No one was ever charged or reprimanded for any of this. None of the crimes were ever officially documented, even though their impact was such that NAACP investigator Walter White estimated 500 black people fled Lowndes County in their wake, part of the “Great Migration” out of the South that was at least partly a consequence of this kind of racist terrorism.
For decades, the stories of Mary Turner and the other victims were largely ignored, even within the local community. That began to change in 2007, when local resident John Rogers and former Valdosta University sociology professor Mark Patrick George founded the Mary Turner Project. “Even the families rarely talked about it,” Rogers told me. A couple weeks after they discovered the location where Mary Turner was lynched, Rogers and Mark worked together with students at Valdosta University and with descendants of the victims to start organizing historical documentation.
Today, a highway historical marker commemorates the atrocity, though even that effort was difficult. The Mary Turner Project fought with the Georgia Historical Society, which maintains and presides over the state of Georgia’s historical markers, for nearly two years over the text that would be included on the it. According to George, the historical society tried to insist Smith, the murdered white farmer, be named first on the list of victims.

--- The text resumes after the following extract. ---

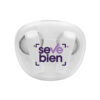 alt_promocional_publicitario_auriculares_Bluetooth_EC756_1_logo Auriculares bluetooth "SHELL"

Georgia Historical Society Director of Programs Christy Crisp told me the marker text proposed by the society included Smith’s name, which would have happened to come first in discussing the sequence of events. (His name was ultimately left off the marker.)
In 2013, four years after the marker was erected, someone vandalized the plaque by shooting it five times. The Mary Turner Project turned down an offer from the Georgia Historical Society to replace the sign. George told me, “We think those bullet holes reflect something important, it reflects how some people still think about this.”
“Every community has atrocities,” said George. “People need to know their local history... We should tell the truth and have accurate history. The other part of it is we are in a white supremacist nation, it’s in our DNA, it’s 400 years old and hasn’t stopped at all. Donald Trump is the latest visible version of it.”